La ripresa dell'aristotelismo da parte di T. non si limita
all'ambito della filosofia naturale e della metafisica: essa ispira
anche il metodo teologico e la sua opera rappresenta una tappa
fondamentale nella teorizzazione della teologia come scienza.
Proseguendo lo sviluppo che la speculazione teologica aveva avuto
nel sec. 12° (quando, vicino alla semplice lectio divina e alla
meditazione sulla sacra pagina, si era iniziata una teologia
sistematica), T. utilizza in teologia la teoria aristotelica della
scienza e della dimostrazione scientifica. La speculazione teologica
ha per oggetto i dati della Rivelazione (accettati per fede); da
questi dati il discorso teologico muove secondo il metodo della
dimostrazione aristotelica per dedurre dalle premesse rivelate altre
verità che traggono la loro certezza dai principî da cui muovono e
dal rigore del ragionamento apodittico. La teologia è scienza: in
questo il distacco dalla tradizione agostiniana è notevolissimo, ed
è di fondamentale importanza per il successivo sviluppo teologico.

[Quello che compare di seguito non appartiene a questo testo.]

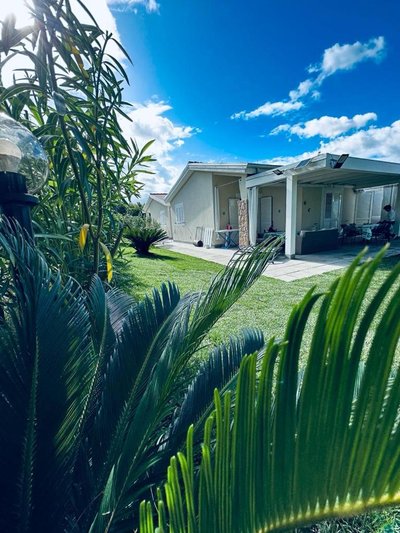 Magnifique villa neuve en bord de mer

Con la teologia di T., assunta poi nelle scuole cattoliche, una
particolare filosofia (con i suoi fondamentali concetti: sostanza,
accidente, atto, potenza; e i suoi metodi) è inserita all'interno
della teologia cattolica: di qui i complessi problemi per la storia
del dogma e per il valore di formulazioni dogmatiche espresse in
termini di filosofia aristotelica.
Ma resta comunque mirabile la sistematicità del pensiero teologico
di T., la volontà di distinguere ragione filosofica e fede (quindi
anche natura e soprannatura), come pure la massima utilizzazione
della filosofia e delle sue tecniche nell'elaborazione delle formule
dogmatiche e nella dimostrazione dei praeambula fidei che rientrano
completamente nel dominio della ragione.